ASSIGNED TASK: All lines up to and including the one that contains "Birkenstock Arizona Shearling" are to be transcribed exactly, starting from the first line of the records.

++++++++++

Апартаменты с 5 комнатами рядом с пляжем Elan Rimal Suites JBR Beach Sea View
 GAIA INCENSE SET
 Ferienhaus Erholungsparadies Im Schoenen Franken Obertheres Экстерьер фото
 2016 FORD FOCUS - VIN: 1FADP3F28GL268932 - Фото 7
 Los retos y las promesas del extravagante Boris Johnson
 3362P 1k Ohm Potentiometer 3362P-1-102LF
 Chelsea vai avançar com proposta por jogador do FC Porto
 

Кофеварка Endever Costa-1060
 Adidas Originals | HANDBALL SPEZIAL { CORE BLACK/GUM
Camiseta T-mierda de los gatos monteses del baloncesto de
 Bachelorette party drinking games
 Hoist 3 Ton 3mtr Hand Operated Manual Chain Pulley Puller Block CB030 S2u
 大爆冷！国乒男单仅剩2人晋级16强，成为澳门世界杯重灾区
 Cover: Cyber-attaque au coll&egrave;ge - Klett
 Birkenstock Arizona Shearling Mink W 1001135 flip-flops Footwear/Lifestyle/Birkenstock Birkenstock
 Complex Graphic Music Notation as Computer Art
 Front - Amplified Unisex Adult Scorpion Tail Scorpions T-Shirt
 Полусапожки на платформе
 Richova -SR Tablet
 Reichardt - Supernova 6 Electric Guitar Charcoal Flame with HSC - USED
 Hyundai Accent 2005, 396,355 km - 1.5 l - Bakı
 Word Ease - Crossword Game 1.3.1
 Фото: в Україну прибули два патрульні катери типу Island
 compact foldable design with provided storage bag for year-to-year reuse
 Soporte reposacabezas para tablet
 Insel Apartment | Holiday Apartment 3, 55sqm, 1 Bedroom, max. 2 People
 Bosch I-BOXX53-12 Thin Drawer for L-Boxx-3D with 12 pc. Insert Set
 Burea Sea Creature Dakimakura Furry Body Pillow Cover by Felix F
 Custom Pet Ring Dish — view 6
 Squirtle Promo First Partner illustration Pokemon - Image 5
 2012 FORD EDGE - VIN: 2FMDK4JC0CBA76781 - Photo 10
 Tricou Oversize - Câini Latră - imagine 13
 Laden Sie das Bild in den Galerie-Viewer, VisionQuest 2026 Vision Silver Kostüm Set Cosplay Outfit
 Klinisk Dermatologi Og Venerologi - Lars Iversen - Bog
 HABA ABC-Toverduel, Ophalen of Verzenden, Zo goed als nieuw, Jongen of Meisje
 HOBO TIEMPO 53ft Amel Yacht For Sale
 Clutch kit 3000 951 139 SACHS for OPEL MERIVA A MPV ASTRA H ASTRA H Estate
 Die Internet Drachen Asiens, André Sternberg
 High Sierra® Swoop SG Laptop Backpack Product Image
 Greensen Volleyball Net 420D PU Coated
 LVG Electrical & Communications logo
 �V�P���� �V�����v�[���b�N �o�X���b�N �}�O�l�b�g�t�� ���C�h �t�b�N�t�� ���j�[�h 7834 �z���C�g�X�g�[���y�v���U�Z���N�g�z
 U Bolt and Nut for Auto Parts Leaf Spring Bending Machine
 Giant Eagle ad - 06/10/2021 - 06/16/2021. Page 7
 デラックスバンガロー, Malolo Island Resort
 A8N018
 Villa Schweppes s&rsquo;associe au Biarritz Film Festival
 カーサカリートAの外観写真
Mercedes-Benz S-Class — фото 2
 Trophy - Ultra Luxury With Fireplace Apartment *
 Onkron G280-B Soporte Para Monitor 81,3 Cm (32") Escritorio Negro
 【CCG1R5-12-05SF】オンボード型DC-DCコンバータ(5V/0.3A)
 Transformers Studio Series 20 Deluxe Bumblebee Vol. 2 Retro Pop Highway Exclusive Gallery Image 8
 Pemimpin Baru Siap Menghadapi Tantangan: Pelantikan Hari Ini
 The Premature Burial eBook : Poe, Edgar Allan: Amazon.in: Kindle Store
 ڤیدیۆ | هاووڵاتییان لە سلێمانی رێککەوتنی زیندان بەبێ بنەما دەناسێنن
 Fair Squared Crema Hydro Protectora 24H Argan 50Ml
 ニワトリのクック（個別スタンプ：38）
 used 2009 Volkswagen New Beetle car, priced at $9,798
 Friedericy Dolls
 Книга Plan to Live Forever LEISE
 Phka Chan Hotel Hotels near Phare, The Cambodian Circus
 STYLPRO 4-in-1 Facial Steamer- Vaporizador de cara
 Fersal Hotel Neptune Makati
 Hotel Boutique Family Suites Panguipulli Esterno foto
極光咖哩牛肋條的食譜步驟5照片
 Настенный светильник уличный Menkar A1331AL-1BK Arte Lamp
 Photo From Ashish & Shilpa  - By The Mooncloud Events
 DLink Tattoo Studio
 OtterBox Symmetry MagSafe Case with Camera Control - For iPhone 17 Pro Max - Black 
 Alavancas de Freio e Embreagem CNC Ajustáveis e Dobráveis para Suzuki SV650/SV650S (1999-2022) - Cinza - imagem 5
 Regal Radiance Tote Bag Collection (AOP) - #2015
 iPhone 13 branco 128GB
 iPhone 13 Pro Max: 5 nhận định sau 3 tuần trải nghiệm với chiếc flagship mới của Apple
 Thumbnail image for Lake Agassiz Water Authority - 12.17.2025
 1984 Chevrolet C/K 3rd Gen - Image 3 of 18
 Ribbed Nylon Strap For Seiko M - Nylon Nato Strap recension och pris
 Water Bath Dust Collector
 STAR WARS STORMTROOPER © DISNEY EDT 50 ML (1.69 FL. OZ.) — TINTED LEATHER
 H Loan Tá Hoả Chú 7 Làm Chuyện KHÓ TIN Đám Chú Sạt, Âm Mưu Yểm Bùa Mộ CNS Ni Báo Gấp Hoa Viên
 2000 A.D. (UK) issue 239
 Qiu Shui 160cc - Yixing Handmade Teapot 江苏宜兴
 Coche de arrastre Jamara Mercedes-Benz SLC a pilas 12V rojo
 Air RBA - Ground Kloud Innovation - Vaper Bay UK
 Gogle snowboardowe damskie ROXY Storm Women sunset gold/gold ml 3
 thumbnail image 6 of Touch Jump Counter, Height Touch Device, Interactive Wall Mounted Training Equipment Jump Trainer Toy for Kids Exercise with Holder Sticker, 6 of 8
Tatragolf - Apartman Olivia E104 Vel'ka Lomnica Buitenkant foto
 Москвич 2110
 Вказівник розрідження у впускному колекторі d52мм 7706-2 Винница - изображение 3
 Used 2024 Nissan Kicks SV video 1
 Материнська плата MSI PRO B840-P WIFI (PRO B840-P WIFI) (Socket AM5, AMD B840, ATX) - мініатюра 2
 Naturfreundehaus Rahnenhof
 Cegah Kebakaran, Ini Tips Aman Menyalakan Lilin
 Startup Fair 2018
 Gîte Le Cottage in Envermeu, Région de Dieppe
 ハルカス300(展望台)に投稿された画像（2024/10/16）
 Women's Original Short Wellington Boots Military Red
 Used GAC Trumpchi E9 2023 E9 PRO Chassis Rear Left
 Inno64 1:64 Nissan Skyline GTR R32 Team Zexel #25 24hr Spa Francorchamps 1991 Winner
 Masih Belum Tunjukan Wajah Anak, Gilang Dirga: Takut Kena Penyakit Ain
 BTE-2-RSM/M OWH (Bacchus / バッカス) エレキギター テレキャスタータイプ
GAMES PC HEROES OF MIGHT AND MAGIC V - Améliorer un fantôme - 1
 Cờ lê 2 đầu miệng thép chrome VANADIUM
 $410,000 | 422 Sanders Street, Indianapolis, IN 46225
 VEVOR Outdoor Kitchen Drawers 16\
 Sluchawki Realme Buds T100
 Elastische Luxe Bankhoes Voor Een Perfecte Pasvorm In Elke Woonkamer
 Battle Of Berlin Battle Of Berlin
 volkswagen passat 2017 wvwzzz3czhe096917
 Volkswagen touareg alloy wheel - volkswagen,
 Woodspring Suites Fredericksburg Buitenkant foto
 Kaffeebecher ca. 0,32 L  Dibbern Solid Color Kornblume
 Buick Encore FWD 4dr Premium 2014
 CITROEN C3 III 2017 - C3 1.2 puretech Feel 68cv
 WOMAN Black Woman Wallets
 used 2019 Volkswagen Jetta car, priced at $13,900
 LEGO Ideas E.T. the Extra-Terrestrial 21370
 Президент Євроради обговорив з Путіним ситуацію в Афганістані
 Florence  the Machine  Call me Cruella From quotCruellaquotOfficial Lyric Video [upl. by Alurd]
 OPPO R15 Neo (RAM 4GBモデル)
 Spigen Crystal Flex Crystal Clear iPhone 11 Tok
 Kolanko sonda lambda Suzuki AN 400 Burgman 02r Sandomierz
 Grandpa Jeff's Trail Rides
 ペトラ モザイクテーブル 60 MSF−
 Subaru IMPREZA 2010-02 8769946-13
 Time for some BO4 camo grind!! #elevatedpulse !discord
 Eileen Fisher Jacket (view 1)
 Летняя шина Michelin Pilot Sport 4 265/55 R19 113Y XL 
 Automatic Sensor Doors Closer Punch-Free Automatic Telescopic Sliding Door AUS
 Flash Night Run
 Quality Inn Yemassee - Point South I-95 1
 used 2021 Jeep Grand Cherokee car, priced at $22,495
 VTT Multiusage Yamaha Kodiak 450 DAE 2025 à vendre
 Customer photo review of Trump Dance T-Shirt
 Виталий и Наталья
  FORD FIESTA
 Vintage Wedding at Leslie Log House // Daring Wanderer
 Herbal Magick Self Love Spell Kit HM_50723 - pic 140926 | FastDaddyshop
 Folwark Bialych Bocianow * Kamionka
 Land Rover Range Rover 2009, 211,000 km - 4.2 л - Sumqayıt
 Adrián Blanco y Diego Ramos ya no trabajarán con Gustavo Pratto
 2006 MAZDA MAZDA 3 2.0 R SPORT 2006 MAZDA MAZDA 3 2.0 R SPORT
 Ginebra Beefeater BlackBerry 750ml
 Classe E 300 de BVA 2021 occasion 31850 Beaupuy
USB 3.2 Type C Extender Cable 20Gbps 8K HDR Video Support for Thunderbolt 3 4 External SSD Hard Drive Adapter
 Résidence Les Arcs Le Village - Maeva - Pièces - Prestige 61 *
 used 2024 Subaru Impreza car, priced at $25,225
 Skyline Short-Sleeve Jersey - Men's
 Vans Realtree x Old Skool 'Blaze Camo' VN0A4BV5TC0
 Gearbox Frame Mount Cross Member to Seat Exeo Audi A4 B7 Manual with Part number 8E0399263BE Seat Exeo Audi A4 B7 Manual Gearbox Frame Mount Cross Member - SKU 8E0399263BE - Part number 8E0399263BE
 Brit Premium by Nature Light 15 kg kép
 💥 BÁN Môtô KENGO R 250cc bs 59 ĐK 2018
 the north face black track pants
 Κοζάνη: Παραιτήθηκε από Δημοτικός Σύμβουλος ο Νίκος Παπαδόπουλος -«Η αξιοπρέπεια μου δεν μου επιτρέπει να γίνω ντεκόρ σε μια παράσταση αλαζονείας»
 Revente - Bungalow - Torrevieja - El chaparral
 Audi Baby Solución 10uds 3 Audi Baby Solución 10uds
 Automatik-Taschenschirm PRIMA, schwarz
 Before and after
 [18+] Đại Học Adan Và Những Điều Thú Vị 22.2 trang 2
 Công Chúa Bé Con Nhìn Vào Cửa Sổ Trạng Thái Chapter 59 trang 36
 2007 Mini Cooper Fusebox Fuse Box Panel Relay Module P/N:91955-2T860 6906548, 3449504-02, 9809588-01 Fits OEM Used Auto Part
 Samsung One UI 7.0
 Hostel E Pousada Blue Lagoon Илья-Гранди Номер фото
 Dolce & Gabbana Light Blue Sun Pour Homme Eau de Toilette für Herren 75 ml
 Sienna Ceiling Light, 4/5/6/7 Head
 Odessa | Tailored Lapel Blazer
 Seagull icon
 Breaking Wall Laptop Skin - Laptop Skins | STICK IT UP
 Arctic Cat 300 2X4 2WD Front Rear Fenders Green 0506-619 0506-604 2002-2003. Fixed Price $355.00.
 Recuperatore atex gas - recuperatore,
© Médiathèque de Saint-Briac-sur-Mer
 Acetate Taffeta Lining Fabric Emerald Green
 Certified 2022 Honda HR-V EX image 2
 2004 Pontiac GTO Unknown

++++++++++

YOUR SOLUTION:
Апартаменты с 5 комнатами рядом с пляжем Elan Rimal Suites JBR Beach Sea View
 GAIA INCENSE SET
 Ferienhaus Erholungsparadies Im Schoenen Franken Obertheres Экстерьер фото
 2016 FORD FOCUS - VIN: 1FADP3F28GL268932 - Фото 7
 Los retos y las promesas del extravagante Boris Johnson
 3362P 1k Ohm Potentiometer 3362P-1-102LF
 Chelsea vai avançar com proposta por jogador do FC Porto
 

Кофеварка Endever Costa-1060
 Adidas Originals | HANDBALL SPEZIAL { CORE BLACK/GUM
Camiseta T-mierda de los gatos monteses del baloncesto de
 Bachelorette party drinking games
 Hoist 3 Ton 3mtr Hand Operated Manual Chain Pulley Puller Block CB030 S2u
 大爆冷！国乒男单仅剩2人晋级16强，成为澳门世界杯重灾区
 Cover: Cyber-attaque au coll&egrave;ge - Klett
 Birkenstock Arizona Shearling Mink W 1001135 flip-flops Footwear/Lifestyle/Birkenstock Birkenstock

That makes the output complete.